"""
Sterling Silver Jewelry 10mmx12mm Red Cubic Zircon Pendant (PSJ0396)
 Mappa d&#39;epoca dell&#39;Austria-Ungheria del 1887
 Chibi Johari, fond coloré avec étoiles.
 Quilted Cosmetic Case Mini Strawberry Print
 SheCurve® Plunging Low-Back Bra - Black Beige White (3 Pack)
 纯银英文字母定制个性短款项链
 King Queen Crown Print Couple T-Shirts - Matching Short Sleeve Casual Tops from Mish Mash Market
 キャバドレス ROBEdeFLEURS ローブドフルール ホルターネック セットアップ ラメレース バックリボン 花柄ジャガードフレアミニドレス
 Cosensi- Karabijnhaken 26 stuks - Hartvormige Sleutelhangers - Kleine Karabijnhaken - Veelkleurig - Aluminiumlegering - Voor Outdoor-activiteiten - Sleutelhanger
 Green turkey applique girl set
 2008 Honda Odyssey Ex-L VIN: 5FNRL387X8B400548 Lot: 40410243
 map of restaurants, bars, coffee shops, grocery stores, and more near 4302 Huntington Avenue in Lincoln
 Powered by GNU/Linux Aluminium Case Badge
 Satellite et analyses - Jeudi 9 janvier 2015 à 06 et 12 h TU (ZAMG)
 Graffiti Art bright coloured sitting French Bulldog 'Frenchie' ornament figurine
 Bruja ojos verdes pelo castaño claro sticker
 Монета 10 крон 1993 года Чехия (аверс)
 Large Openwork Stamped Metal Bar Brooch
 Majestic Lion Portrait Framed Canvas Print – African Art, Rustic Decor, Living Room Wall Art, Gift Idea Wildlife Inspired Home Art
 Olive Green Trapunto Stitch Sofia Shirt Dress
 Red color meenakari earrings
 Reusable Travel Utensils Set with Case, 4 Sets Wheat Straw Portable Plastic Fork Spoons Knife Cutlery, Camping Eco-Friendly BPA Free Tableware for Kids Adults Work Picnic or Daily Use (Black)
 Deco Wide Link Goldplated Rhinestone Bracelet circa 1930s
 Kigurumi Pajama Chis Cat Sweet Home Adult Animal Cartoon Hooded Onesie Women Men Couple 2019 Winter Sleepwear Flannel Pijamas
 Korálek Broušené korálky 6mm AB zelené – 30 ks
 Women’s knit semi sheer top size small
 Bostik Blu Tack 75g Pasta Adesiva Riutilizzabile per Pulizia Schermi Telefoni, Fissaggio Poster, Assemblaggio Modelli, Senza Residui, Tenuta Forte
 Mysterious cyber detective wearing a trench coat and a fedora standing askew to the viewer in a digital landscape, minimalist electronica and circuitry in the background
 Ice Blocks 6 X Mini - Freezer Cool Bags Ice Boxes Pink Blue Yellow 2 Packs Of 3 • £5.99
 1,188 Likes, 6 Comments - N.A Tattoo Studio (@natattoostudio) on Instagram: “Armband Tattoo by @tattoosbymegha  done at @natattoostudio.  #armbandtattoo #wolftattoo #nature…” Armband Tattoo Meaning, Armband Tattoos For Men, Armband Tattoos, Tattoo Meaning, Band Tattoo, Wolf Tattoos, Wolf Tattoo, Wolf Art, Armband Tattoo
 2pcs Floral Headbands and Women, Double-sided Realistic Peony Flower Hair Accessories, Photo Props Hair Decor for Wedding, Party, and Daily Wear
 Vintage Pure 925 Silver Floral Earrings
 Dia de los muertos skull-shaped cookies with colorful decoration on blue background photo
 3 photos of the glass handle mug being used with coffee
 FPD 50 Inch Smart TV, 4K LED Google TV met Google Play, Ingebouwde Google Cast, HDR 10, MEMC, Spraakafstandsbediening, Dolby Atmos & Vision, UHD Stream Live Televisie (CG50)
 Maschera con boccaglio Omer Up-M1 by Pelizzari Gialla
"""
HOW TO COMPLETE THIS TASK
Exactly and only the lines from the one containing "Deco Wide Link" to the end of the entries above are to be written out.

YOUR RESPONSE
 Deco Wide Link Goldplated Rhinestone Bracelet circa 1930s
 Kigurumi Pajama Chis Cat Sweet Home Adult Animal Cartoon Hooded Onesie Women Men Couple 2019 Winter Sleepwear Flannel Pijamas
 Korálek Broušené korálky 6mm AB zelené – 30 ks
 Women’s knit semi sheer top size small
 Bostik Blu Tack 75g Pasta Adesiva Riutilizzabile per Pulizia Schermi Telefoni, Fissaggio Poster, Assemblaggio Modelli, Senza Residui, Tenuta Forte
 Mysterious cyber detective wearing a trench coat and a fedora standing askew to the viewer in a digital landscape, minimalist electronica and circuitry in the background
 Ice Blocks 6 X Mini - Freezer Cool Bags Ice Boxes Pink Blue Yellow 2 Packs Of 3 • £5.99
 1,188 Likes, 6 Comments - N.A Tattoo Studio (@natattoostudio) on Instagram: “Armband Tattoo by @tattoosbymegha  done at @natattoostudio.  #armbandtattoo #wolftattoo #nature…” Armband Tattoo Meaning, Armband Tattoos For Men, Armband Tattoos, Tattoo Meaning, Band Tattoo, Wolf Tattoos, Wolf Tattoo, Wolf Art, Armband Tattoo
 2pcs Floral Headbands and Women, Double-sided Realistic Peony Flower Hair Accessories, Photo Props Hair Decor for Wedding, Party, and Daily Wear
 Vintage Pure 925 Silver Floral Earrings
 Dia de los muertos skull-shaped cookies with colorful decoration on blue background photo
 3 photos of the glass handle mug being used with coffee
 FPD 50 Inch Smart TV, 4K LED Google TV met Google Play, Ingebouwde Google Cast, HDR 10, MEMC, Spraakafstandsbediening, Dolby Atmos & Vision, UHD Stream Live Televisie (CG50)
 Maschera con boccaglio Omer Up-M1 by Pelizzari Gialla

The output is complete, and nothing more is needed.